Extending the Tax Cuts: The Ninety-Eight Percent Solution

October 01, 2010

Mark Weisbrot
Sacramento Bee (CA), September 30, 2010
McClatchy-Tribune Information Services, September 30, 2010
Bellingham Herald (WA), September 30, 2010
Lexington Herald-Leader (KY), September 30, 2010
Daily ME (ME), September 30, 2010
Waukesa Freeman (WI), October 1, 2010
Sioux Falls Argus Leader (SD), October 2, 2010
Duluth News-Tribune (MN), October 2, 2010
Dallas Morning News (TX), October 2, 2010
Spartanburg Sunday Herald-Journal (SC), October 3, 2010
Hendersonville Sunday Times-News (NC), October 3, 2010
Contra Costa Sunday Times (CA), October 3, 2010
Antioch Sunday East County Times (CA), October 3, 2010
Fremont Sunday Argus (CA), October 3, 2010
Pleasanton Sunday Tri-Valley Herald (CA), October 3, 2010
San Mateo Sunday News (CA), October 3, 2010
Oakland Sunday Tribune (CA), October 3, 2010
Spokane Sunday Spokesman-Review (WA), October 3, 2010
Lima Sunday News (OH), October 3, 2010
South Bend Sunday Tribune (IN), October 3, 2010
Arizona Sunday Sun (AZ), October 3, 2010
McAllen Sunday Monitor (TX), October 3, 2010
Macon Sunday Telegraph (GA), October 3, 2010
Juneau Empire (AK), October 4, 2010
Willimantic Chronicle (CT), October 4, 2010
Hanover Evening Sun (PA), October 4, 2010
Orange County Register (CA), October 5, 2010

George W. Bush summed it up at an $800-a-plate dinner back in 2000 with a joke: “This is an impressive crowd – the haves and the have-mores,” he said. “Some people call you the elites; I call you — my base.” What made the joke really funny is that it was true.

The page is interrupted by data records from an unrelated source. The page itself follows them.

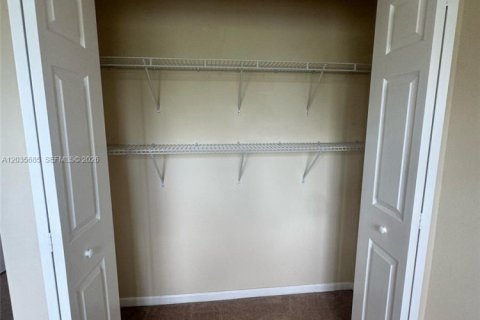Apartment in Doral, Florida 2 bedrooms, 111.95 sq.m. № 2086899 - photo 11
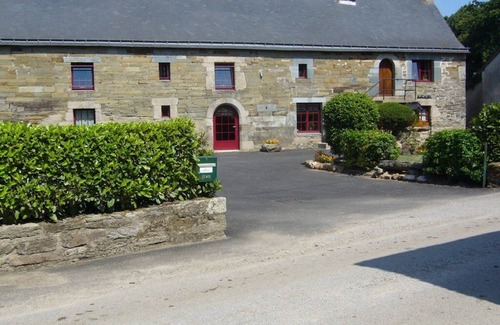 Cleguerec House | A house just for you in a hamlet in central Brittany. Space.comfort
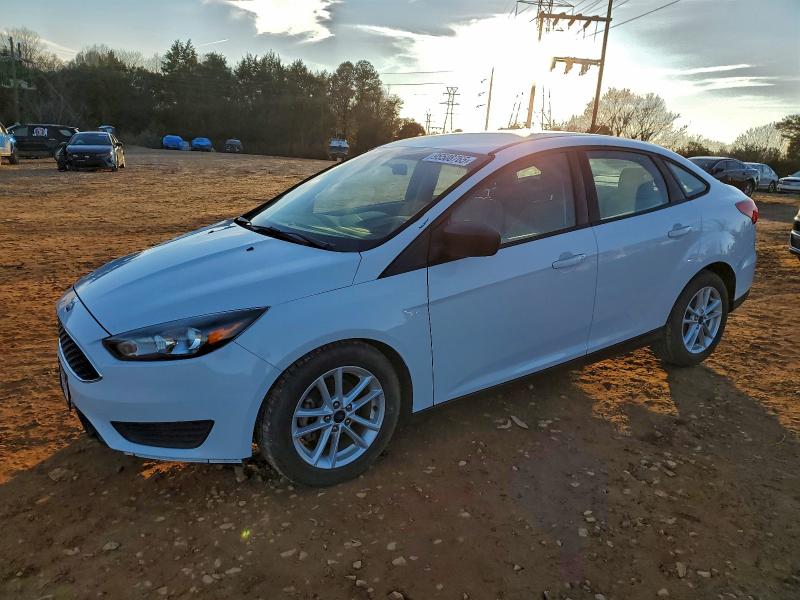 FORD FOCUS SE 2018 con VIN 1FADP3F22JL316481 - Foto de la subasta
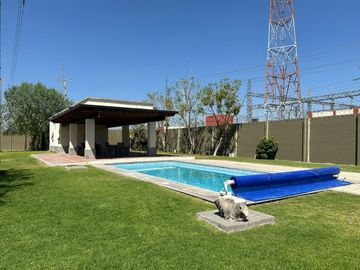MAGNIFICA CASA EN CIRCUITO CON CASCO DE HACIENDA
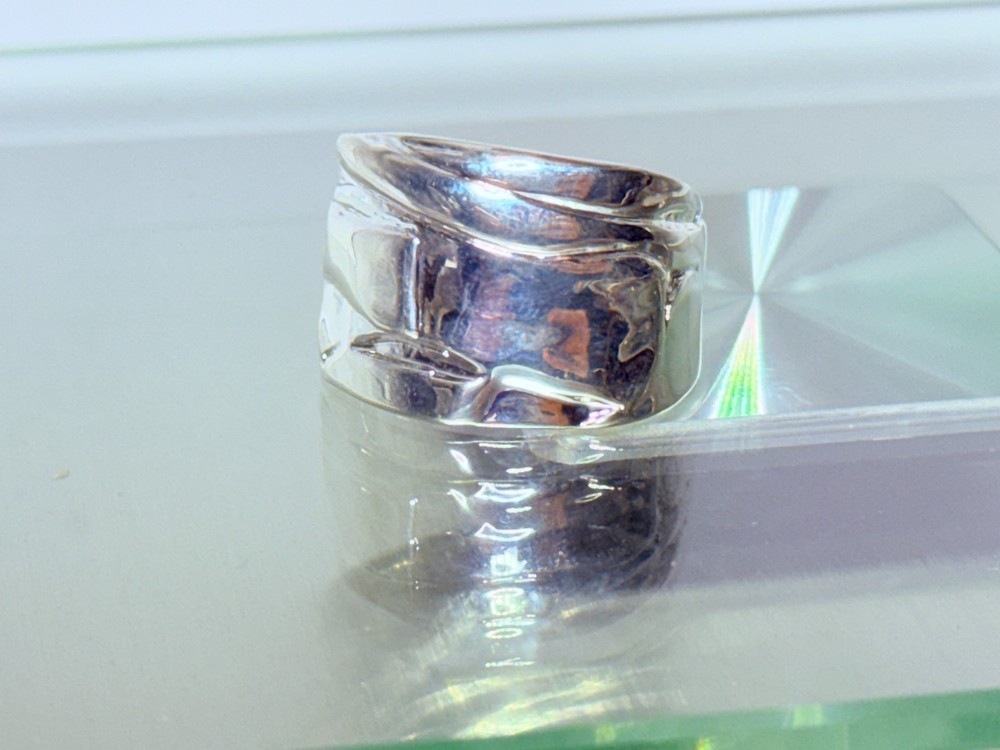 Mayamar Hammered / Wrinkle Finish Silvertone Ring ~ Size: 9 (NEW)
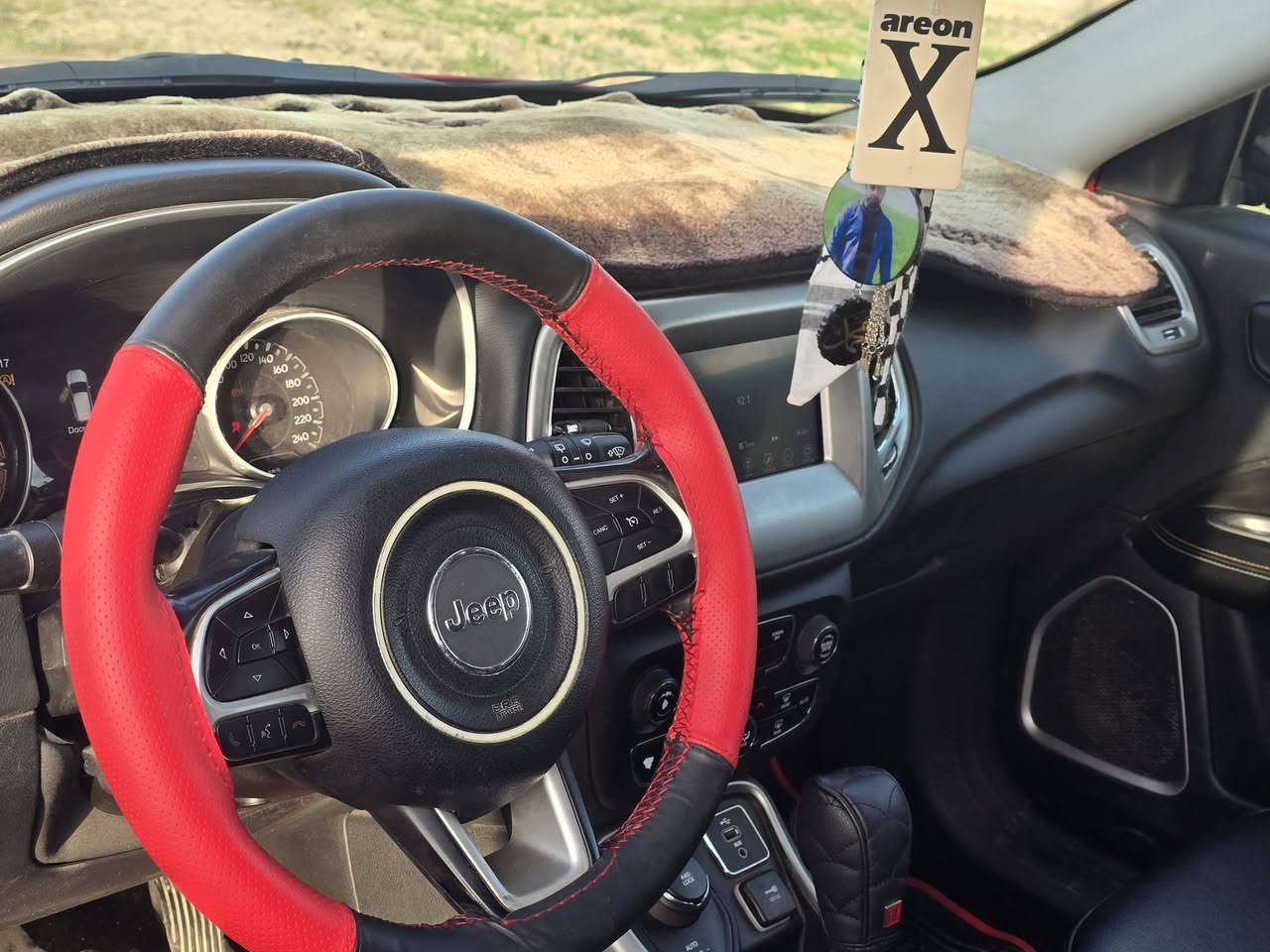 السلام عليكم جيب ٢٠١٨ ماشيه ٧٠ صبغ قطعة وحده فقط السعر ١٢٠ العنوان صلاح الدين ***********
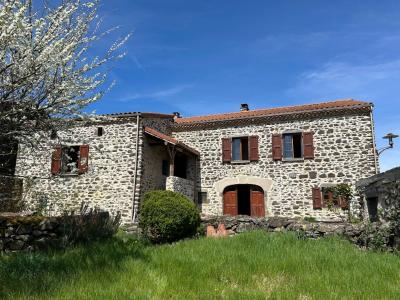 For sale 5 rooms 143 m2 Cantal (15500) photo 0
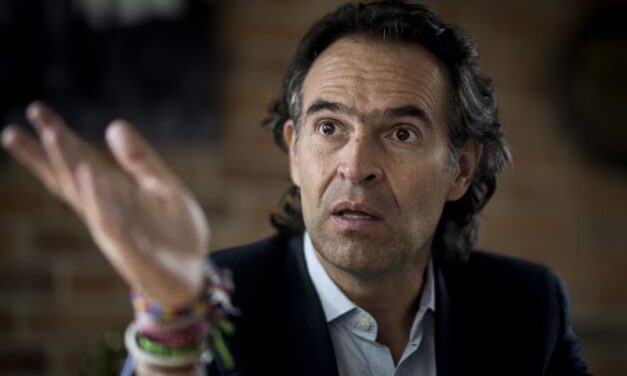 Alcalde de Medellín destaca más de 1.800 obras y baja del desempleo en 2025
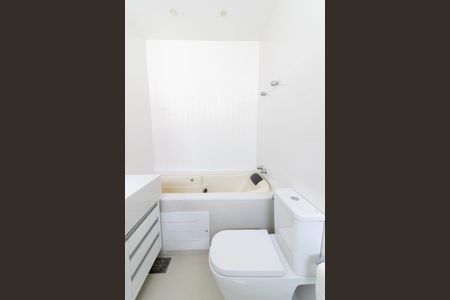 Casa para alugar com 380m², 4 quartos e 6 vagas Casa para alugar com 380m², 4 quartos e 6 vagasBanheiro da Suíte 4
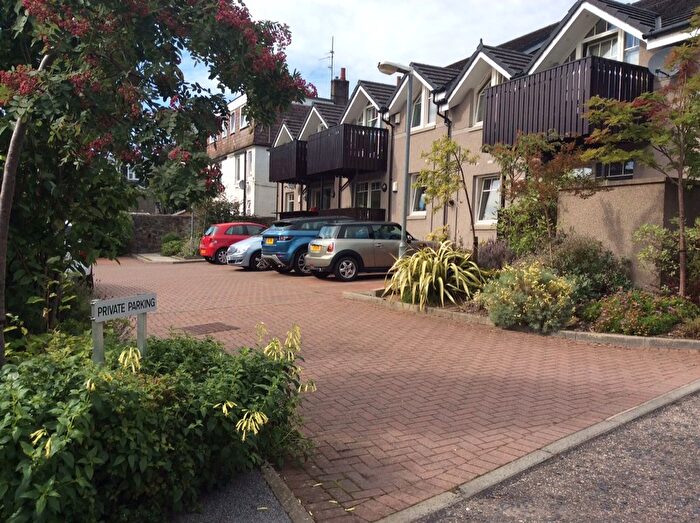 2 Bedroom Flat To Rent In St Devenicks Crescent, Cults, Aberdeen, AB15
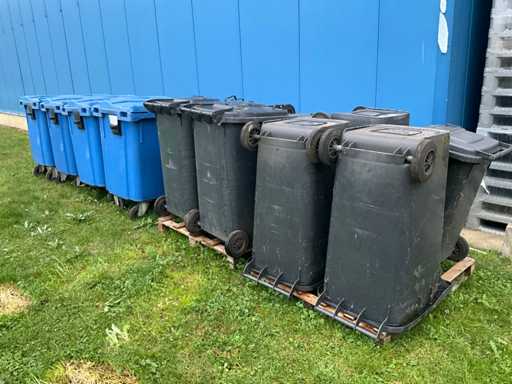 Vari contenitori di rifiuti (12x)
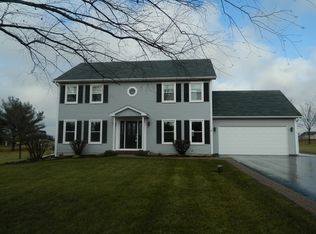 39W190 Cliff Dr, Elgin, IL 60124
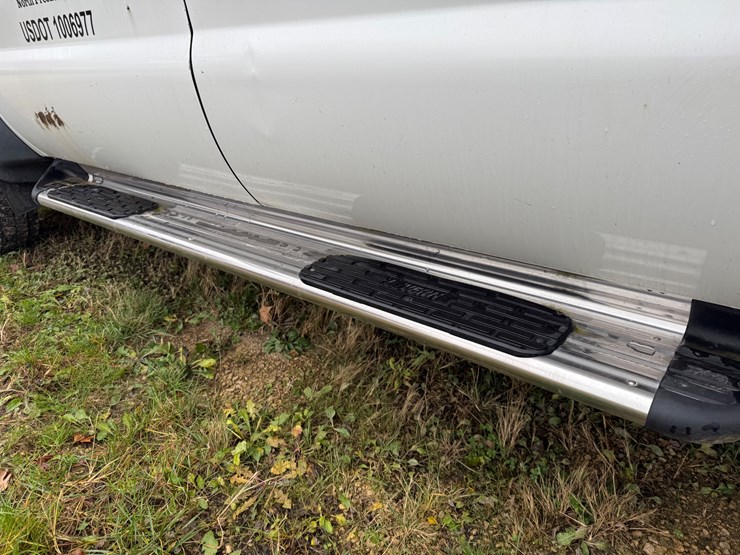 2009-ford-f550-image-12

The Republicans, true to their base, are fighting to keep the Bush tax cuts for the richest 2 percent of Americans: those receiving more than $200,000 a year ($250,000 for couples).

President Obama wants to let these tax cuts expire, as scheduled, at the end of this year – while keeping them for everyone else.

This one should be a no-brainer, especially when you consider how much the rich and super-rich have gained in the last 30 years as compared with everyone else, in their before-tax income. From 1993-2008 the top one percent of families (with income of more $368,000 in 2008) actually captured the majority of the income gains for the whole country.

If all this rich-getting-richer had made the rest of us better off too, that would be another story. But most of it is because the government has rigged the rules of the game to favor upper-income groups.

Manufacturing workers have been subjected to increasingly ruthless international competition with “free trade” agreements and other incentives for U.S. companies to produce elsewhere; but “free trade” does not apply to lawyers, economists and Wall Street executives. This by itself guarantees a bigger piece of a slower-growing pie for the rich.

Add in the assaults (in both law and practice) on organized labor and increased unemployment, and the bargaining power of most wage and salary earners has been severely reduced. No wonder the typical wage, adjusted for inflation, is barely higher than it was three decades ago.

Now comes Mitch McConnell, Republican Minority Leader in the Senate, to argue that the rich and super-rich must keep their tax cuts. Oddly, on Sunday’s “This Week,” he made a liberal, Keynesian argument: “We’re talking about raising taxes in the middle of a recession. And most economists think that’s the worst thing you could do.” (Actually, the economy is not technically in recession right now; but that is not so important – with 9.6 percent unemployment and millions more underemployed or dropped out of the labor force, for most people it is just as bad as a recession).

It’s great that McConnell has discovered Keynes. Maybe he will now realize that our sputtering economy also needs more public spending, which is – by his very same logic – much more effective than tax cuts, especially tax cuts for the people who are most likely to save the money.

But the net effect of Obama’s proposal, as compared with the current law which would let all of the Bush tax cuts expire, is a tax cut for 98 percent of taxpayers. For 2011, for example, the upper 2 percent would see their taxes rise by $33.5 billion; but the other 98 percent would continue a tax cut worth approximately $199 billion. Of course, if we want to increase the stimulus – and we desperately need to do so – we can distribute that $33.5 billion from the upper 2 percent to state and local governments so they can reduce layoffs of teachers and other employees, which is one of the things that is slowing our economic recovery.

There is no doubt that the government will have to do much more to stimulate the economy, if we are to avoid a period of prolonged high unemployment and a lot of needless suffering. But extending tax cuts to people who don’t need them, and never should have gotten them in the first place, is the least effective way to do this.